▶ What the exercise asks:
Among the entries below, find the line with "Vintage Ανδρικό Δερμάτινο" and the line with "View of Reykjavik at night". Return exactly those lines and every line between them, but no pictures.

▶ Exercise input:
________________

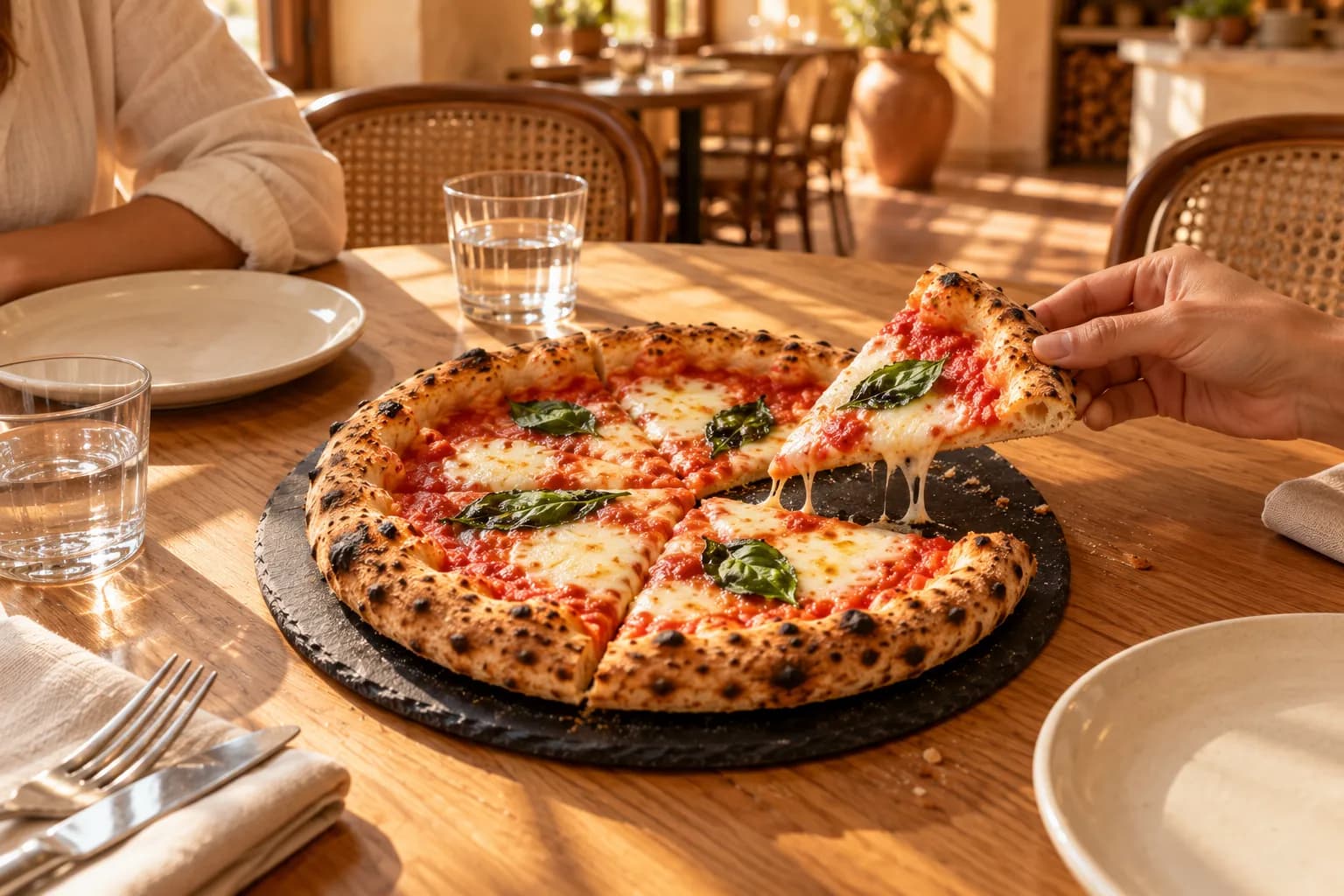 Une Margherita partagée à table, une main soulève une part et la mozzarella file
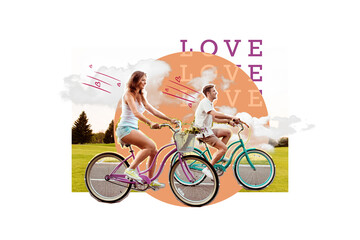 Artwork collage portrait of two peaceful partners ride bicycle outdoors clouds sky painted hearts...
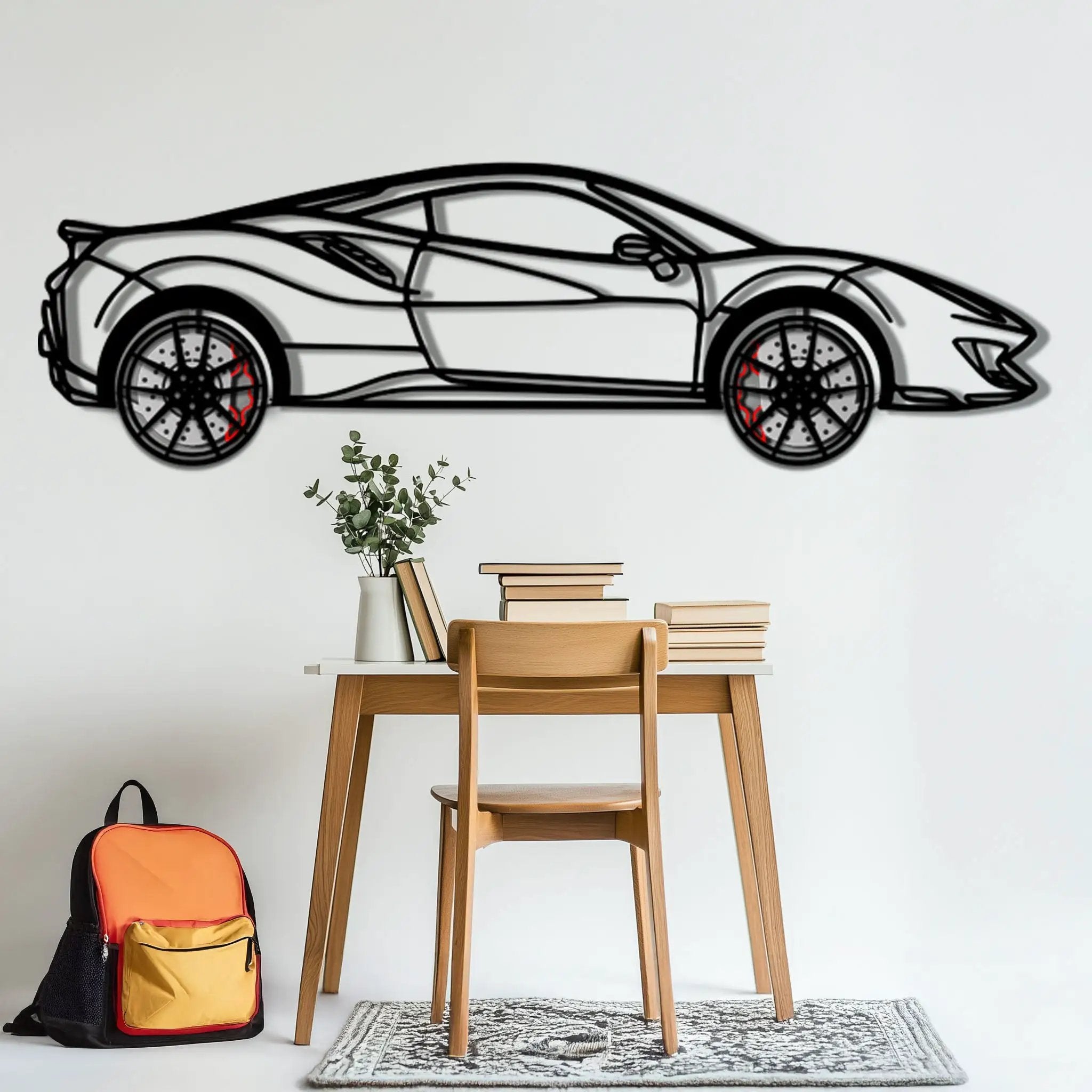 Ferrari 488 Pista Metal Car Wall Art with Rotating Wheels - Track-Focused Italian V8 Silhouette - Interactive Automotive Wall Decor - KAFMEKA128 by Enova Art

________________

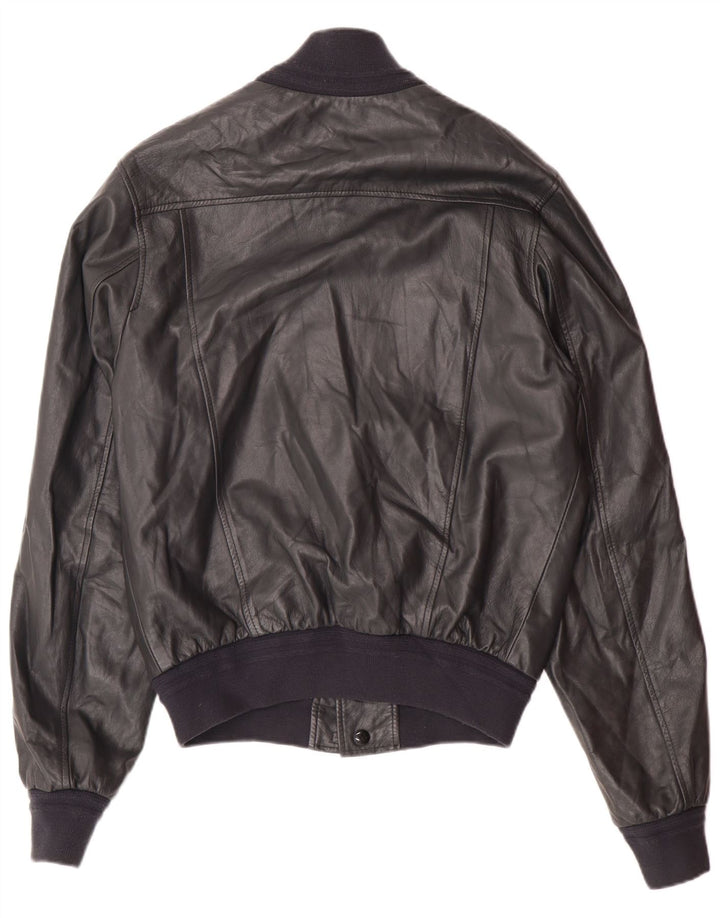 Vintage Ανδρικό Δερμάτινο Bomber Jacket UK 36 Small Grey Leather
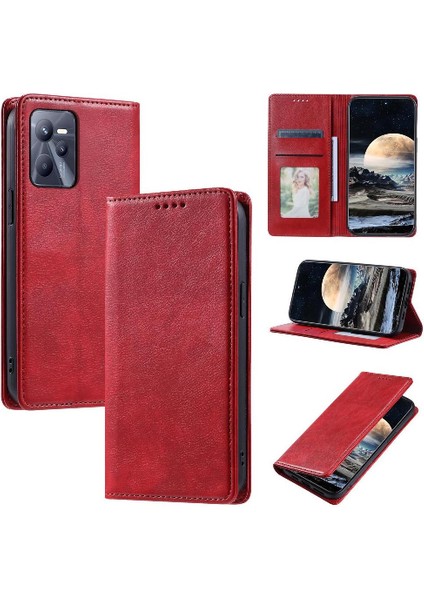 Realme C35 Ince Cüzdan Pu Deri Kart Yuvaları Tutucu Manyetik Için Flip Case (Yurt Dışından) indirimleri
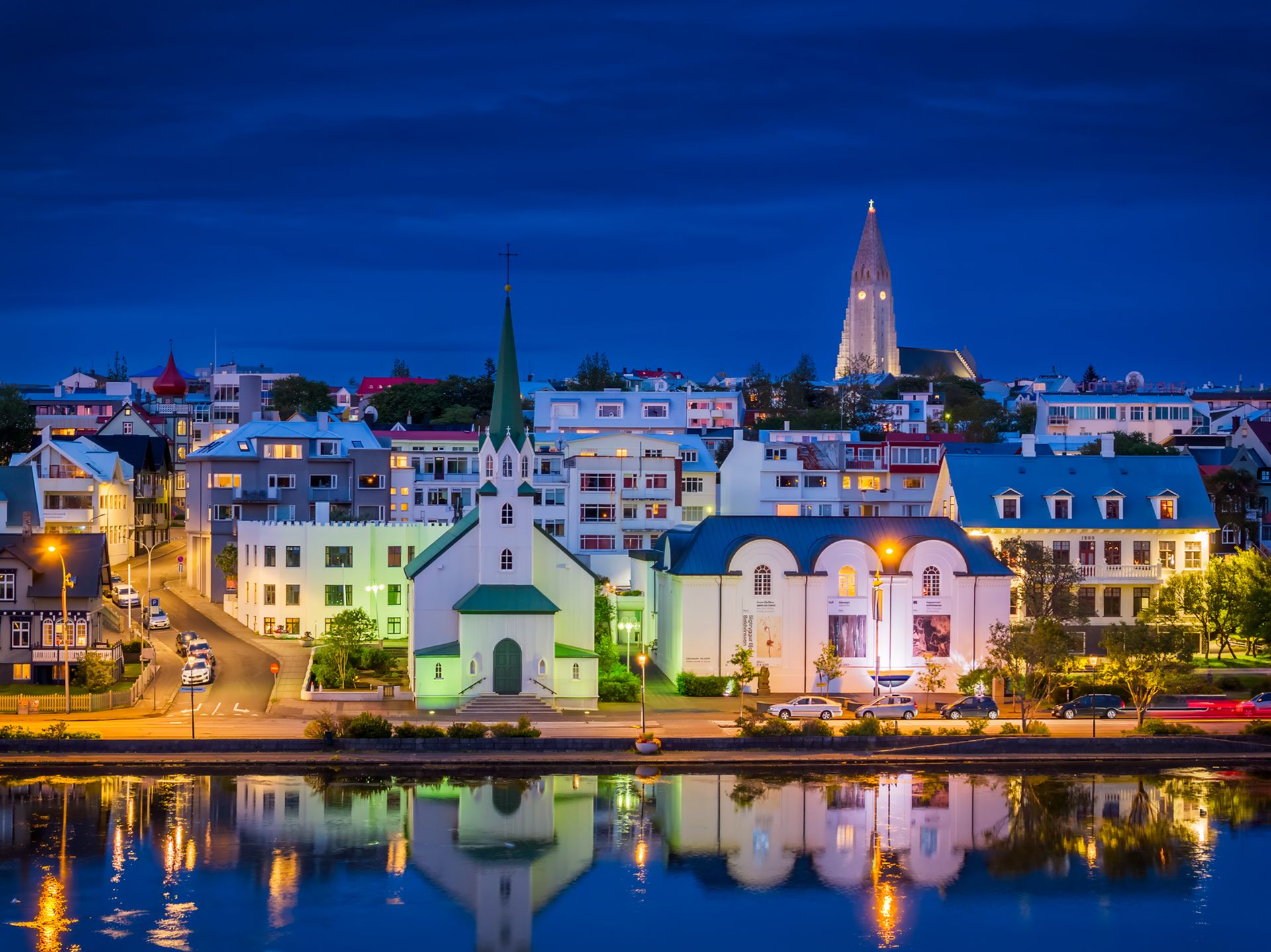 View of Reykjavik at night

________________

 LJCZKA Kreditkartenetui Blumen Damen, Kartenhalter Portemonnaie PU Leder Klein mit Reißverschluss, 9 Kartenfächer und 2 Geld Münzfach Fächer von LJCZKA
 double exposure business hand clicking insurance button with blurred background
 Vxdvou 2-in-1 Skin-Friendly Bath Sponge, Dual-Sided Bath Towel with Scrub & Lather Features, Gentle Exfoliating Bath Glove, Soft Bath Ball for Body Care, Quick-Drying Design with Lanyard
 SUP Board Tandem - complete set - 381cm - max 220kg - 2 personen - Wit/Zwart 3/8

________________

▶ Solution to this exercise:
 Vintage Ανδρικό Δερμάτινο Bomber Jacket UK 36 Small Grey Leather
 Realme C35 Ince Cüzdan Pu Deri Kart Yuvaları Tutucu Manyetik Için Flip Case (Yurt Dışından) indirimleri
 View of Reykjavik at night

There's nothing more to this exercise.